Было в этом что-то неизъяснимо волнующее — и военное братство, и боевая готовность (я представила себе, как по приказу первыми поднимались Иваны Гречишкины в атаку), была сердечность немолодых уже людей, понимавших, что в них нуждаются, что они могут чем-то помочь. И была надежда — встретить фронтового товарища. Все вместе эти люди раскрывали черты русского народного характера. Не за слезами приехали Иваны Гречишкины, а люди плакали. Не оказалось среди них только того Ивана Гречишкина, которого искали,
— Ивана Васильевича Гречишкина…
КРИТИК:
— Вы привели примеры наиболее выразительные. Но ведь не часто удается подняться до таких высот?
ВЕДУЩАЯ:
— Но и люди у нас не часто плачут. А о том, что мы стараемся выжать слезы, по-моему, говорят те, кто хочет уберечь себя от треволнений, создать эмоциональный вакуум между своей жизнью и чужой, чтобы, не дай бог, ничто извне не растревожило их души, или те, кто не приемлет открытой и непосредственной реакции на радость и горе других людей.
КРИТИК:
— Вы затронули очень важную проблему для документального телевидения в целом: этическое право на тиражирование человеческих чувств. Мы стремимся раскрыть внутренний мир человека, но какой нужен такт, деликатность, чтобы не разрушить при этом интимную сферу его чувств.

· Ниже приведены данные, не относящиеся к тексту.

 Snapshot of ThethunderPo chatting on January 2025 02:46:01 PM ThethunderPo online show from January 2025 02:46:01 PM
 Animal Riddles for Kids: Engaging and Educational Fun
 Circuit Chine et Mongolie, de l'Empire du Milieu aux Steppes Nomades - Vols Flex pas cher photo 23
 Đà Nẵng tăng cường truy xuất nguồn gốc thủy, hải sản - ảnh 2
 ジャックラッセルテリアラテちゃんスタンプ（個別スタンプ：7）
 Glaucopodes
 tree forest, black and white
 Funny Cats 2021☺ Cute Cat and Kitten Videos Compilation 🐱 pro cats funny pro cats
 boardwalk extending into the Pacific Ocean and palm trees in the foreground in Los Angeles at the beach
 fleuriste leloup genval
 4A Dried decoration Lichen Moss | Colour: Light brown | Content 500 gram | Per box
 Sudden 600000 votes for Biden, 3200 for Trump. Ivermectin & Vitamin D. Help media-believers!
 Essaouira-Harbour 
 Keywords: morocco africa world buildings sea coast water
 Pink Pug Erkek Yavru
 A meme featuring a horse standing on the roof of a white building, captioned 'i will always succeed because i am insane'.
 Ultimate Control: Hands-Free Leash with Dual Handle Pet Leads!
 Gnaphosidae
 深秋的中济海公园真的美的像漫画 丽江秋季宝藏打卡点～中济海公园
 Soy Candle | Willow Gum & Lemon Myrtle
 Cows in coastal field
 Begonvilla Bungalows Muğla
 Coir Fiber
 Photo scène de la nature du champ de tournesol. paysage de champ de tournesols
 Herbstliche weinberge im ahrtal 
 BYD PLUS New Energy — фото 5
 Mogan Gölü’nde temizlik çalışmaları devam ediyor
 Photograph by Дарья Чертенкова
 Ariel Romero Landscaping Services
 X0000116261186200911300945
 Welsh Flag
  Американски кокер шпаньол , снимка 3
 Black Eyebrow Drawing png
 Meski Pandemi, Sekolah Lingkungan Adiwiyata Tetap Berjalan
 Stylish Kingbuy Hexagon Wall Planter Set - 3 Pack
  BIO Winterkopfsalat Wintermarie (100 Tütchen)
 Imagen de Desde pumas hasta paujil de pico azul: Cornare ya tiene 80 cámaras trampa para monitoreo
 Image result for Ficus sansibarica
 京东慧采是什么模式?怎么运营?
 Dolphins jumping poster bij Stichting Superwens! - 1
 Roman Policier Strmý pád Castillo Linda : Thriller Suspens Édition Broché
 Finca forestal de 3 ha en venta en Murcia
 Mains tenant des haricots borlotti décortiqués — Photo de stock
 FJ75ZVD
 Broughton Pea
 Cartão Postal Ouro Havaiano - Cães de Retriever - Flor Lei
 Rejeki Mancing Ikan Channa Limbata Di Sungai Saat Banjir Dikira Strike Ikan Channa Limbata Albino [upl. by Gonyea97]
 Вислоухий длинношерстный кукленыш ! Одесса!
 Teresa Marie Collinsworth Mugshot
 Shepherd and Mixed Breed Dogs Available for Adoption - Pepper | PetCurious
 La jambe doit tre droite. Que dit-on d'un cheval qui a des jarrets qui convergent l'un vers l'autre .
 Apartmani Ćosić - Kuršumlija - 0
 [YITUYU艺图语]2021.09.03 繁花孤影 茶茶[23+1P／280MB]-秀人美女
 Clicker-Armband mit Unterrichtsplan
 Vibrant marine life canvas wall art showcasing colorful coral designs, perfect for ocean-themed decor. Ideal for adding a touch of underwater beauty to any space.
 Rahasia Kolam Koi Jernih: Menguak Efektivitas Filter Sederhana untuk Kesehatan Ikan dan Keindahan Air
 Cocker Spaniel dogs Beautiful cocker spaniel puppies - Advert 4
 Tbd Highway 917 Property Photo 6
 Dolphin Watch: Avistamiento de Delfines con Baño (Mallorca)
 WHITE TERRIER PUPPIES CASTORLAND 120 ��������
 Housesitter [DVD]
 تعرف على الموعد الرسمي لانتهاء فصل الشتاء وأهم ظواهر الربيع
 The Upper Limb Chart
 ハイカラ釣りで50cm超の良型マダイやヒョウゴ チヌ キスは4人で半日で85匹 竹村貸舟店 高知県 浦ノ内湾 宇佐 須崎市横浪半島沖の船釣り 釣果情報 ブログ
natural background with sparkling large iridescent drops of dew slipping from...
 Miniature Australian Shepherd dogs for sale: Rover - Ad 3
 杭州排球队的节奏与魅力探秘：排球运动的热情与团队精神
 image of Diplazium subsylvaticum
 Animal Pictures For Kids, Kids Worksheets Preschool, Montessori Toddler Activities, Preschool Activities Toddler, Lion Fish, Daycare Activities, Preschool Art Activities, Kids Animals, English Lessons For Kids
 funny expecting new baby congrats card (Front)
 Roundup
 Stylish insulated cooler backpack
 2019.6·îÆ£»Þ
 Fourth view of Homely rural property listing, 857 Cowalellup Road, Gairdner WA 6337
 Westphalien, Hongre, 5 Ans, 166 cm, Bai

Где же проходит эта грань между тем, что вы вправе рассказать и что нет?
ВЕДУЩАЯ:
— Трудный вопрос. Грань у каждого человека своя. Это материя тонкая, хрупкая, часто неуловимая и нестабильная. Всякий раз ищешь ее заново. Обычно я располагаю материалом значительно большим, нежели могу использовать в передаче.
Специалисты понимают, что на пределе работать нельзя, тогда новеллы будут вымученными, я начну скользить по поверхности судеб, и зрители почувствуют, что мне больше нечего им сказать. Не будет эмоционального наполнения, если соотношение подготовленного и используемого будет один к одному. Нужен запас прочности.
Не считаю себя вправе вторгаться во внутренний мир человека и обнажать его на всеобщее обозрение. Ведь он на то и внутренний. Уловишь разницу между стремлением воссоздать внутренний мир героя и попыткой вторжения в него, значит, чувство меры тебе не изменит. Раскрыть духовное, нравственное начало в человеке или обнажить его? Вот тут, вероятно, и проходит грань, которую мы ищем.
КРИТИК:
— А бывает, что вы ее переступаете?
ВЕДУЩАЯ: — От неудач я не застрахована… Но я обязана думать о том, как защитить распахнутую навстречу зрителям человеческую душу. Нельзя унижать человека состраданием, нельзя его жалеть, даже если речь идет о трагических коллизиях в его жизни. Еще раз хочу подчеркнуть: сопереживание, а не сострадание.
КРИТИК:
— Вот мы и вернулись на круги своя. С этого начинался наш обмен мнениями.
ВЕДУЩАЯ:
— Давайте называть вещи своими именами. Какой же это обмен мнениями, настоящий спор.
По самым скромным подсчетам, около пятисот раз за годы, что живет передача «От всей души», произносила я заветную фразу: «Прошу вас, имярек, подняться на сцену». И каждый раз с трепетом жду нового знакомства. Состоится ли оно?